Assignment:
Set down each line of the listing exactly as it reads.

Supplied material:
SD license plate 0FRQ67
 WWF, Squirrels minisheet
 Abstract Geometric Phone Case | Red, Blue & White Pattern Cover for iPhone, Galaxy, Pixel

Output below:
SD license plate 0FRQ67
 WWF, Squirrels minisheet
 Abstract Geometric Phone Case | Red, Blue & White Pattern Cover for iPhone, Galaxy, Pixel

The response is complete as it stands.